A project advisory board of leaders in assessment, student development, various disciplines, and e-portfolio development and usage will examine the available research on student achievement of key learning outcomes and identify best practices to achieve and measure student progress. The e-portfolio is an ideal format for collecting evidence of student learning, especially for those outcomes not amenable nor appropriate for standardized measurement. Additionally, e-portfolios can facilitate student reflection upon and engagement with their own learning across multi-year degree programs, across different institutions, and across diverse learning styles while helping students to set and achieve personal learning goals.
AAC&U staff, the advisory board and selected campus consultants will conduct a national audit to identify best practices for achieving and assessing essential learning outcomes in the context of the required college curriculum, while also assembling a collection of rubrics for ascending levels of accomplishment.

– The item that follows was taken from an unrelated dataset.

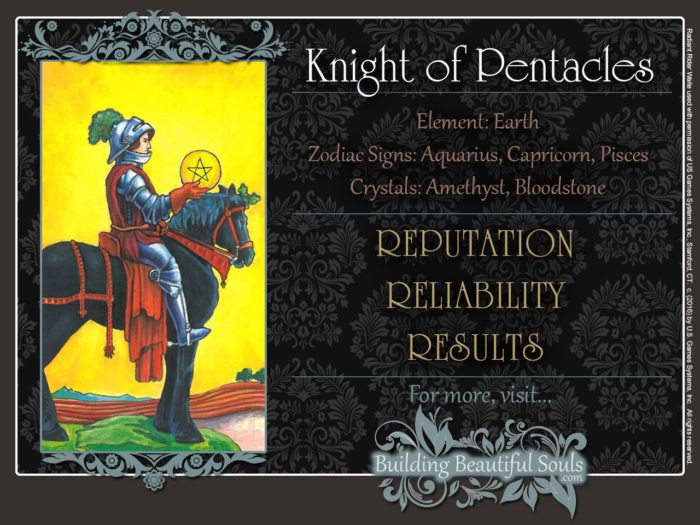 Knight of Pentacles Tarot Card Meanings Rider Waite Tarot Deck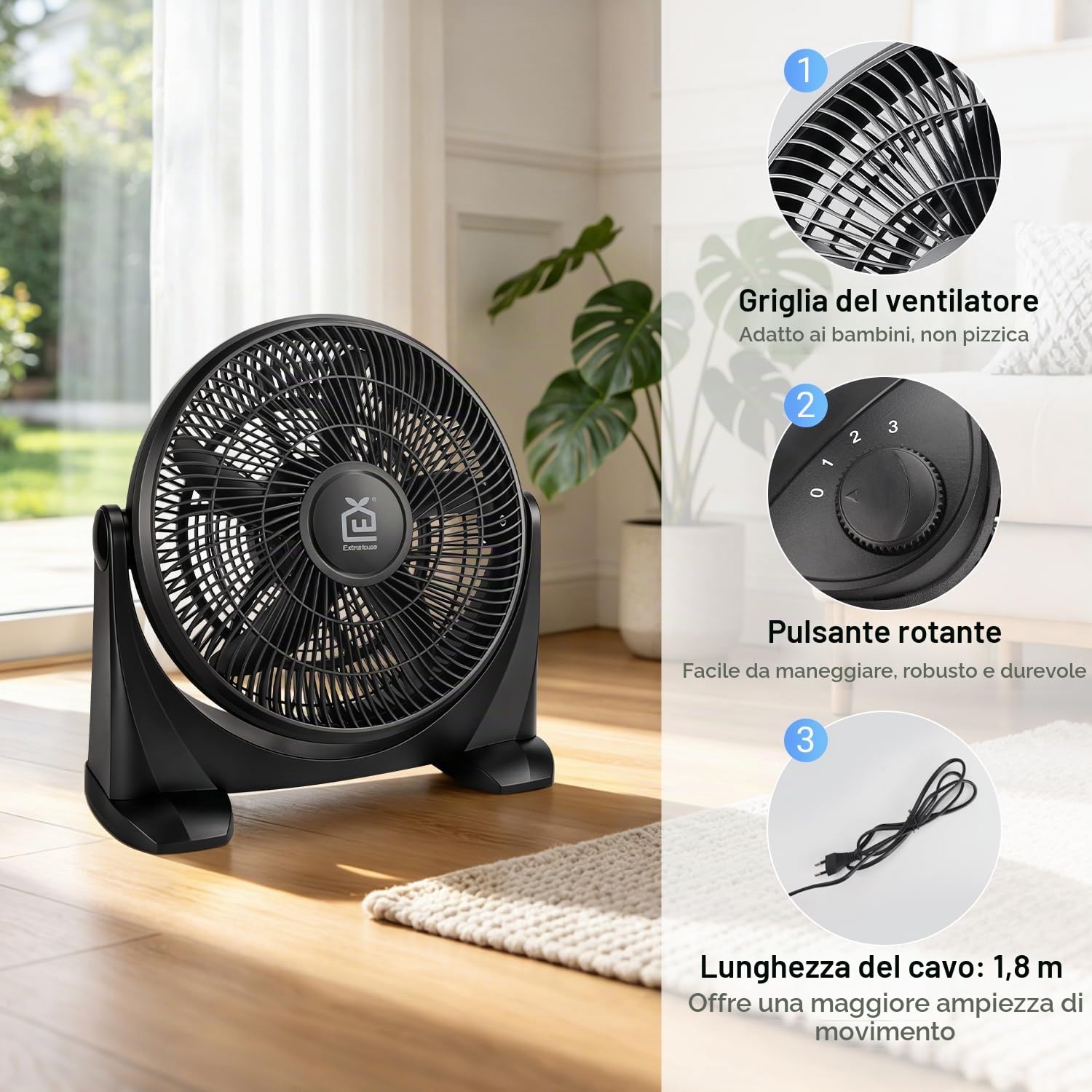 Ventilatore da tavolo silenzioso e potente, 38 cm, 5 pale, 1300 giri/min, 55 W, inclinazione 90° e 3 velocità, raffreddamento ottimale massima sicurezza, griglia di sicurezza, dissipazione termica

Investigating the range of outcomes and the criteria considered critical for assessing student achievement of each outcome will uncover the extent to which there are similarities among campuses. By identifying outcomes in terms of expectations for demonstrated student learning among disparate campuses, a valuable basis for comparing levels of learning through the curriculum will emerge. This will be especially useful as students, parents, employers and policy makers seek valid representations of student academic accomplishment. E-portfolios provide both a transparent and portable medium for showcasing the broad range of complex ways students are asked to demonstrate their knowledge and abilities for purposes such as graduate school and job applications as well as to benchmark achievement among peer institutions.
Supported by a grant from The State Farm Companies Foundation and the Fund for the Improvement of Postsecondary Education, the project runs May 2007 through April 2010.